Oddly enough, in some Nordic countries it is actually illegal for rich parents not to make spoiled trust-funders out of their kids:
http://blogsandwikis.bentley.edu/themoneyillusion/?p=2734
I guess that explains why the Wallenburg's own something like 40% of Sweden's economy.

Re Galton's parent-offspring data, I would expect the correlation to approach .707 as the heritability approaches 1, no?

Henry

By henry harpending (not verified) on 02 Nov 2009 #permalink

There is a nice summary of the results in the papers section of Bowles' home page http://www.santafe.edu/~bowles/
( New Data on the Roots of Inequality Reveal Key Role of Wealth Inheritance).

By gaddeswarup (not verified) on 03 Nov 2009 #permalink

Razib your discussion of regression to the parent has to be wrong. If offspring equal the mid-parent with a slope of 1 then the variance decreases by 1/2 every generation and pretty soon there is no variance. Darwin wrestled with this. If you add exogenous variance with no regression to the mean the population variance grows forever. Something deeply wrong here.

Henry

By henry harpending (not verified) on 03 Nov 2009 #permalink

well, you know this stuff henry, so i assume i flubbed ;-) i just got done traveling so i don't have time to check right now, but i will update the post later....

Henry George's fine book "Progress & Poverty" might shed light on the hypothesis.
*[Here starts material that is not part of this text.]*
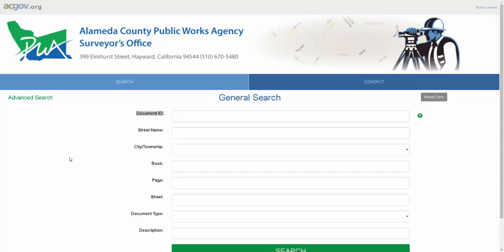Welcome to the Alameda County Public Works Agency Surveyor's Office's website. In today's tutorial, I'll be going over the search tool.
It is available online, at http://progressandpoverty.org/ and http://schalkenbach.org/.

Inheriting land in a place where all the land is claimed by someone gives one privileges -- the right to charge others rent if they want to live -- which enrich the inheritor and impoverish the landless. We are so used to this that we don't even notice it -- at our peril! (The same goes for natural resources.)